The beginning of September signifies the beginning of the school year for many students. Across the country, 26 million, or over half of school-aged children are transported by 480,000 school buses.1 In an average school year, each bus travels about 12,000 miles, using 1,714 gallons of diesel fuel2 and producing about 17 MMT of CO2 emissions,3 as well as other harmful emissions such as nitrogen oxides and particulate matter. Electric school buses offer a viable alternative to diesel buses, and offer a solution to the health and environmental impacts of burning diesel fuel.

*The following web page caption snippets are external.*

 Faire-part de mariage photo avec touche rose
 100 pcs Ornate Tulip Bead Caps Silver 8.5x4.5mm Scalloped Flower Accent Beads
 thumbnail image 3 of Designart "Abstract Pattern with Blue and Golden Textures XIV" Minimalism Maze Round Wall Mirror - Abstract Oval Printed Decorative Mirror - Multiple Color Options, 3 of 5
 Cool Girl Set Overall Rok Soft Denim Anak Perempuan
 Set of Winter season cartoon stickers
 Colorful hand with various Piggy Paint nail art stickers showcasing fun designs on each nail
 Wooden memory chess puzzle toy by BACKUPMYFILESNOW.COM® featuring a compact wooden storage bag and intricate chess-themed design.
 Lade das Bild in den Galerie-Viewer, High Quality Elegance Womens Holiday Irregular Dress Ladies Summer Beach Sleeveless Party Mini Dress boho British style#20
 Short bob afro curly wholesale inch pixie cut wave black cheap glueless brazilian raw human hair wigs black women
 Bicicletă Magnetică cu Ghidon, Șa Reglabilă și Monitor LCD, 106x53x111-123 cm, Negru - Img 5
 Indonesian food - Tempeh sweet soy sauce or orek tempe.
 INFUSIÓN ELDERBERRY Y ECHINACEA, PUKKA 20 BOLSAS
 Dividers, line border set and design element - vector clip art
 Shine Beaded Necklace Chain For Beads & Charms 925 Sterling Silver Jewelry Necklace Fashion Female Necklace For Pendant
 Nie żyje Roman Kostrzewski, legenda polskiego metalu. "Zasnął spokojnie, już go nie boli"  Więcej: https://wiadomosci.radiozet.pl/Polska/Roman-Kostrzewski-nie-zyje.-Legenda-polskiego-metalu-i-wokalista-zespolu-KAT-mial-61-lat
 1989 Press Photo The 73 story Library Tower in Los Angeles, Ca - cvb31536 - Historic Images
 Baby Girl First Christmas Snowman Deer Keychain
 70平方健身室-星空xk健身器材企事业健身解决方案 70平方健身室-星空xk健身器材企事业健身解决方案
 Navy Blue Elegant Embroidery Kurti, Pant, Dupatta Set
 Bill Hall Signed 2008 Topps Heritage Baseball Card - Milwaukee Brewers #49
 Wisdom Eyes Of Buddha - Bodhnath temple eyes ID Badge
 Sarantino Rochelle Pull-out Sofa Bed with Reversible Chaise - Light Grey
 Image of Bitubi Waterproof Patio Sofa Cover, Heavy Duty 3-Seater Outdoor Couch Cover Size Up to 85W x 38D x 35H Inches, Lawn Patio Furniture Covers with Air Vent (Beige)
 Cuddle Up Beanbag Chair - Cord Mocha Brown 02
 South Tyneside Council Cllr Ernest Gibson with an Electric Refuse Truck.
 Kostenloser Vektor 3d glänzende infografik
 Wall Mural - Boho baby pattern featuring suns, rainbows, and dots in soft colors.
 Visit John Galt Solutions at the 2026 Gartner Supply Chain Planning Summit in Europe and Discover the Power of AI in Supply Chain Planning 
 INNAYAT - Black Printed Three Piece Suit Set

A relatively new option, electric school buses are being tested in early-stage pilot programs in both California and Massachusetts. The growing interest in electric school bus deployment is evident in the increase of funding opportunities for ZEV school buses: Blue Bird, a major school bus manufacturer, is the recipient of a grant to manufacture new electric bus models;4 three school districts in Sacramento, California, received a grant for an electric school bus pilot with funds from their cap-and-trade program;5 and the Massachusetts Department of Energy Resources awarded grants to four districts participating in an electric school bus Vehicle-to-Grid (V2G) pilot program.6
The Massachusetts pilot is of particular interest, as it seeks to demonstrate the feasibility of incorporating V2G technology, through which the electric school buses connect to the grid while not in use, allowing for two-way charging and battery storage. Because most school buses are in use for about 5 hours each weekday on predictable schedules, they are good candidates for V2G for battery storage and improved management of grid-level supply and demand.7
Current acquisition costs for electric school buses are between $250,000 to $300,000—roughly $100,000 to$120,000 more than a diesel school bus. However, the use of electricity to power the buses would displace significant fuel costs over the vehicle’s lifetime. For example, an electric school bus pilot in California is expected to save the host school district $10,000 annually in fuel and maintenance costs.8 There are also a number of potential funding sources to assist with the upfront purchase cost, including funding from the Diesel Emissions Reduction Act, Volkswagen Settlement Funds, and state programs such as California’s vouchers through the Hybrid and Zero-Emission Truck and Bus Voucher Incentive Program. Prices for batteries are expected to decline significantly in the future, too, especially as demand increases. A study through the California Air Resources Board (CARB) indicated a possible 41% reduction in battery price based on an increase from 300 to 10,000 battery systems produced per year.9
Electric school buses are an interesting alternative to diesel and are on a path to become an increasingly beneficial clean energy technology. As the electric school bus market develops, the financial feasibility of electric buses will continue to grow, and more information about the successes and limitations of electric school buses will become available as pilot programs mature.